Well...I had no idea that my "mental issue" of ADHD is better treated by a dog bite to the face than medication. I'll be sure to ask my doctor if I should change my treatment from a daily pill to a vicious dog since I never grew out of all the symptoms. Maybe the vicious dog will bite away the last bits of "excuse" left in me. :roll:



OhNoLenX said:


> From my experience in a doctors office, only about 1 in 7 have actual issues that deserve medication. Otherwise its a quick and easy fix for doctors to just medicate kids rather than fix the actual problems they may be having whether its family or socially related.
> 
> Back to the fish, I would rather not go on a tangent about overly medicated kids and vaccines.
> 
> Move the fish to your room, leave the tank, see how long it takes your folks to notice.


 
I too don't want to go on a tangent about medicated kids and vaccines. Especially since I feel very passionately about both topics and could go on forever defending the validity of medications for people of all ages and vaccines. :twisted:

However, you can't do the equivalent of throwing a match into a forest and then call the resulting fire a tangent. I would look the other way if you at least gave good advice that could help the OP, but your suggestion will just get her in trouble and increase her stress. If her parents want the fish to stay where it is because they like it there, it's a decoration to them. Once the OP finds out how long it takes her parents to notice, she will also find out how much time she has to put the fish right back where it was. That puts her 2 steps backwards.

My advice to the OP is two fold:

1) Follow Aus's advice and get her parents to realize that what is happening is bullying and should not be toleranted. Just because the threats are aimed at a fish instead of a puppy doesn't mean the threats aren't a form of emotional abuse. 

2) Get her parents to realize just how unstable the sister is so she can get proper treatment. There is more than one pill. If the first medication had bad side effects, go back to the doctor and try something else. There are also ways to control mental health issues besides medication. Maybe the answer is therapy or behavior councling. Either way, the OP's sister needs professional help. 

I usually don't play abuse or doctor card when offering advice, but the sister's behavior would alarm me even if she was threatening to damage dolls instead of kill fish. The parents are missing major red flags.


----------



## Bettagirl101 (Apr 15, 2012)

I am going to try and have a family meeting asap. I will talk about the issue and see what can be done about it.


----------



## misty1477 (Jun 22, 2012)

Bettagirl101 said:


> I am going to try and have a family meeting asap. I will talk about the issue and see what can be done about it.


Super idea !!! Just be calm and do your best to keep everyone from screaming at each other. I hope everything works out for you and your fishy.

If you don't have any 'table-type' space in your room ... can you maybe put the tank on the floor? Just a suggestion.


----------



## nel3 (May 29, 2011)

i hope the best will come out of the family meeting. i must admit i went over the line a bit myself when getting a 5th betta. i didnt have much space myself for a spare tank but ended up puting one on my dining table. 

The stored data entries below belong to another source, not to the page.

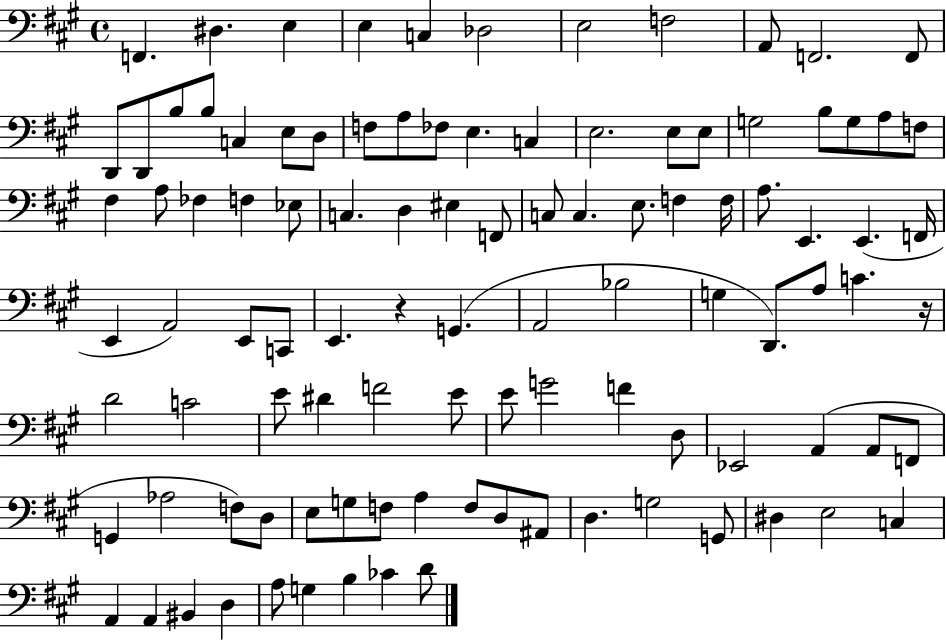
X:1
T:Untitled
M:4/4
L:1/4
K:A
F,, ^D, E, E, C, _D,2 E,2 F,2 A,,/2 F,,2 F,,/2 D,,/2 D,,/2 B,/2 B,/2 C, E,/2 D,/2 F,/2 A,/2 _F,/2 E, C, E,2 E,/2 E,/2 G,2 B,/2 G,/2 A,/2 F,/2 ^F, A,/2 _F, F, _E,/2 C, D, ^E, F,,/2 C,/2 C, E,/2 F, F,/4 A,/2 E,, E,, F,,/4 E,, A,,2 E,,/2 C,,/2 E,, z G,, A,,2 _B,2 G, D,,/2 A,/2 C z/4 D2 C2 E/2 ^D F2 E/2 E/2 G2 F D,/2 _E,,2 A,, A,,/2 F,,/2 G,, _A,2 F,/2 D,/2 E,/2 G,/2 F,/2 A, F,/2 D,/2 ^A,,/2 D, G,2 G,,/2 ^D, E,2 C, A,, A,, ^B,, D, A,/2 G, B, _C D/2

i would agree to look for a alternative spot in your room to put the tank. a shelf worth of books or something similar in storage space is worth it to put the betta in a safe place in your room. a space on the floor is most likely better than an area where your sister can access to feed the fish. it sucks that you are put in such a condition regardless of your families view of fish. just try to get through this situation and make the best of it.


----------



## toad (Jul 17, 2012)

Bettagirl101 said:


> She has kept bettas before so she knows how to care for one properly.





Bettagirl101 said:


> She is the type of person who would keep a betta in an inch of water or less because "it's just a fish."

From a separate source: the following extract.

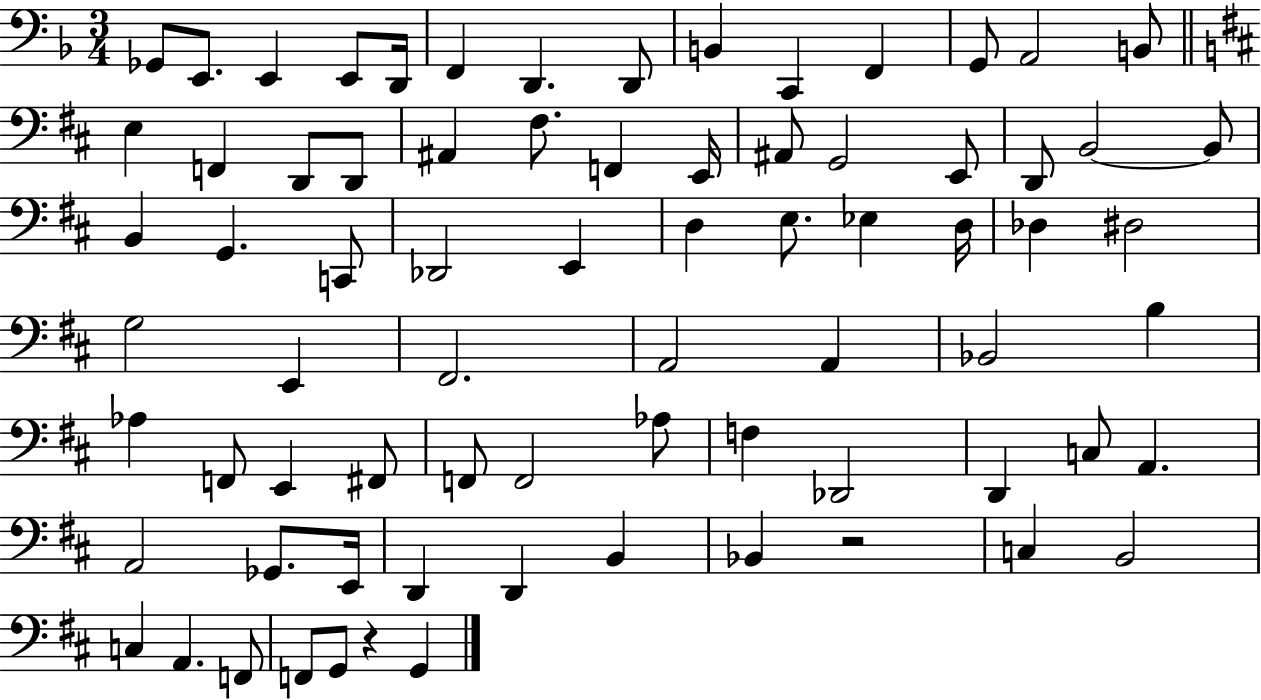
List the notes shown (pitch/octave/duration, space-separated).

Gb2/e E2/e. E2/q E2/e D2/s F2/q D2/q. D2/e B2/q C2/q F2/q G2/e A2/h B2/e E3/q F2/q D2/e D2/e A#2/q F#3/e. F2/q E2/s A#2/e G2/h E2/e D2/e B2/h B2/e B2/q G2/q. C2/e Db2/h E2/q D3/q E3/e. Eb3/q D3/s Db3/q D#3/h G3/h E2/q F#2/h. A2/h A2/q Bb2/h B3/q Ab3/q F2/e E2/q F#2/e F2/e F2/h Ab3/e F3/q Db2/h D2/q C3/e A2/q. A2/h Gb2/e. E2/s D2/q D2/q B2/q Bb2/q R/h C3/q B2/h C3/q A2/q. F2/e F2/e G2/e R/q G2/q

...Slight discrepancy in the story there - if she would keep a fish in an inch of water she does not, in fact, know how to care for one.

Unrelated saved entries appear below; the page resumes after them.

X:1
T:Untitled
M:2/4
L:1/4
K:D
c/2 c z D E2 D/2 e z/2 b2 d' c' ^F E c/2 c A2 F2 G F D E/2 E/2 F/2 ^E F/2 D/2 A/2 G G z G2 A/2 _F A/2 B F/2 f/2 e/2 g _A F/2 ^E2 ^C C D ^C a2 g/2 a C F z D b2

Move the fish to a place where he'll be safe or rehome him. It's the animal's safety that is most important here.


----------



## Bettagirl101 (Apr 15, 2012)

I can't put it on the floor because the cat will get to it and even though there is a lid the cat is very smart and knows how to get the lid off of my fish tank. I could move him and put him on a storage rack for now. At least until the whole thing blows over. The storage rack is not near a plug for his light though. He is in a 1 gallon non filtered tank but I do plan on getting him a filtered 2.5 gallon NPT come christmas time. I will figure out where to put it when I get it.


----------



## toad (Jul 17, 2012)

Bettagirl101 said:


> I can't put it on the floor because the cat will get to it and even though there is a lid the cat is very smart and knows how to get the lid off of my fish tank. I could move him and put him on a storage rack for now. At least until the whole thing blows over. The storage rack is not near a plug for his light though. He is in a 1 gallon non filtered tank but I do plan on getting him a filtered 2.5 gallon NPT come christmas time. I will figure out where to put it when I get it.


I think that would work well, but you wouldn't have a way to plug in his heater - I've heard Texas gets pretty chilly at night. That would be my only concern.

I understand about the cat... Very crafty little things they are!


----------



## nel3 (May 29, 2011)

go for the storage rack if its strong enoughto support the tank. you can probably drop by a store and get an extension wire for the electric items. any safe place is better than a floor or a risky common area.


----------



## Leopardfire (Sep 23, 2012)

Try upgrading your first betta's tank to a 5 or 10 gallon and then keep both fish together with a divider. Then they could both be safe in your room.


----------



## nel3 (May 29, 2011)

i beleive the safe betta is already in a 5g tank.


----------



## Bettagirl101 (Apr 15, 2012)

Yeah the safe betta is because he is a whopping 3 inches. Unfortunently I have no room for a 10 gallon. Besides if I did my parents wouldn't let me have one anyway. They don't like me having the 5 gallon in my room as is. I do have a plug close to the storage rack, the plug is behind my bed. I will probably get an electrical cord for the electric items. Now to just find a way to move it and not get yelled at.


----------



## nel3 (May 29, 2011)

i have 2 bettas in a 5g but one never had a full 5g tank to themselves. i had the divider setup before the first one went in and he never explored the other side. i dont know what divided a tank leaving the first betta with 50% less territory would do but they may get used to it. probably would need to ask a more experienced betta owner here for that.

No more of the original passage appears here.